MEMORANDUM FOR Commander, US Army Physical Disability Agency  
(TAPD-ZB /  ), 2900 Crystal Drive, Suite 300, Arlington, VA  22202-3557 
 
 
SUBJECT:  Department of Defense Physical Disability Board of Review Recommendation  
for XXXXXXXXXXXXXXXXXX, AR20120020916 (PD201200276) 
 
 
1.  I have reviewed the enclosed Department of Defense Physical Disability Board of Review 
(DoD PDBR) recommendation and record of proceedings pertaining to the subject individual.  

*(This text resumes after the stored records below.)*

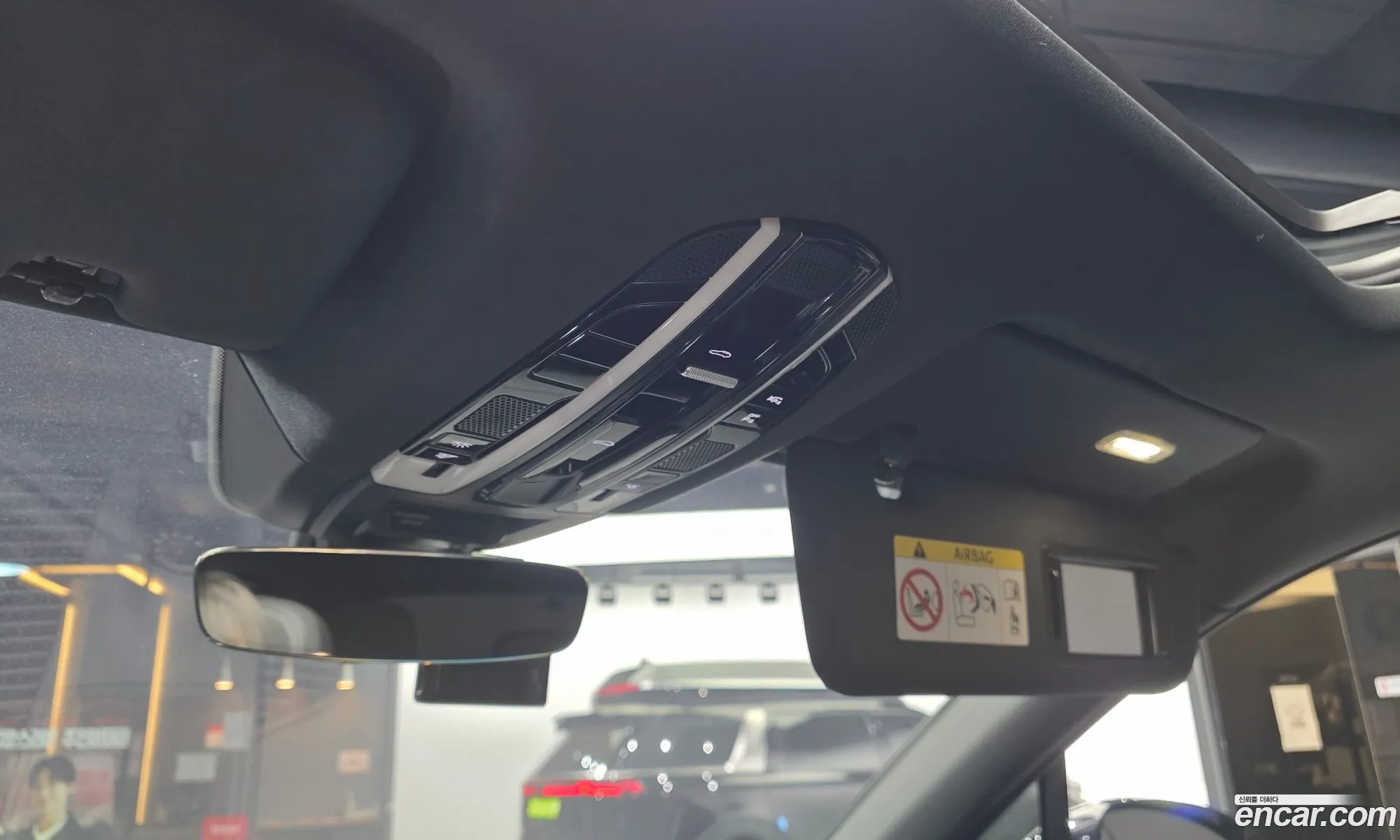 Porsche Cayenne 2021 — 7
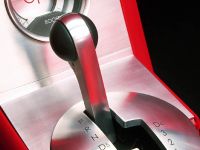 Ford Mustang GT Convertible Concept (2003) - picture 29 of 34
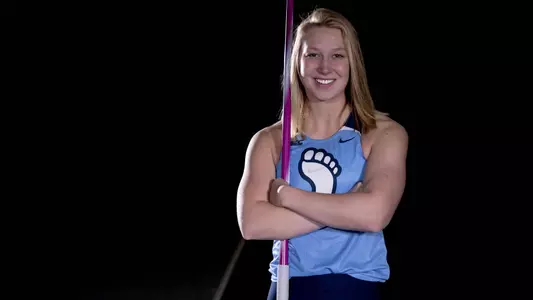 Madison Wiltrout
portraits
University of North Carolina Track and Field
Eddie Smith Field House
Chapel Hill, NC
Thursday, March 22, 2018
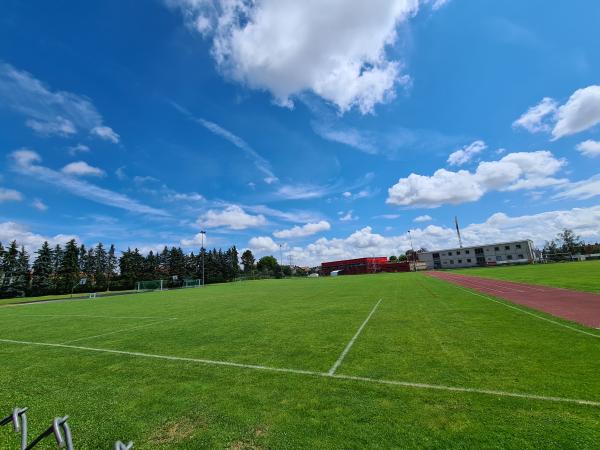 Waldstadion Nebenplatz 1 - Wettstetten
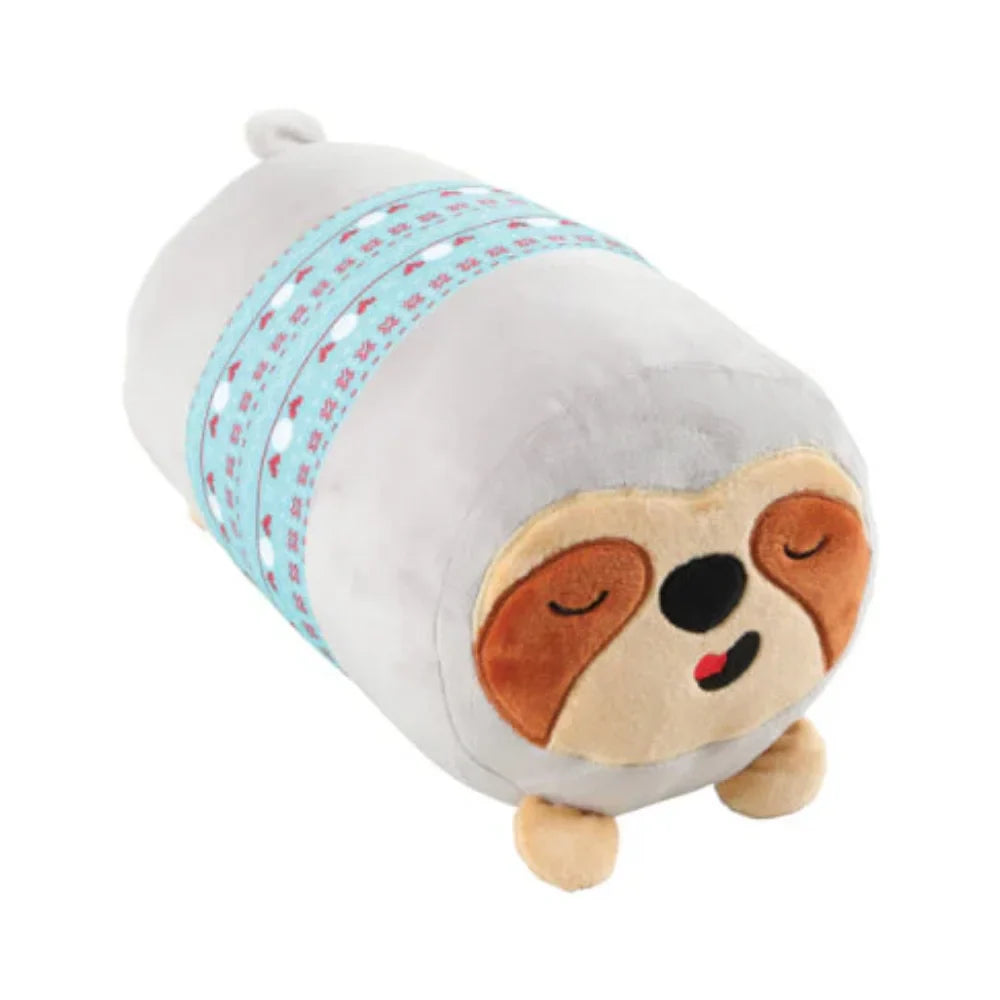 زولكس بالو شيك الدب الكسلان 6 لعبة |  صيدلية.كوم.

Under the authority of Title 10, United States Code, section 1554a,   I accept the Board’s 
recommendation to modify the individual’s disability rating to 20% without recharacterization 
of the individual’s separation.  This decision is final.   
 
2.  I direct that all the Department of the Army records of the individual concerned be corrected 
accordingly no later than 120 days from the date of this memorandum.    
 
3.  I request that a copy of the corrections and any related correspondence be provided to the 
individual concerned, counsel (if any), any Members of Congress who have shown interest, and 
to the Army Review Boards Agency with a copy of this memorandum without enclosures. 
 
 BY ORDER OF THE SECRETARY OF THE ARMY: 
 
 
 
 
Encl 
 
 
 
CF:  
(  ) DoD PDBR 
(  ) DVA 
 

     XXXXXXXXXXXXXXXXXXXXXXX 
     Deputy Assistant Secretary 
         (Army Review Boards)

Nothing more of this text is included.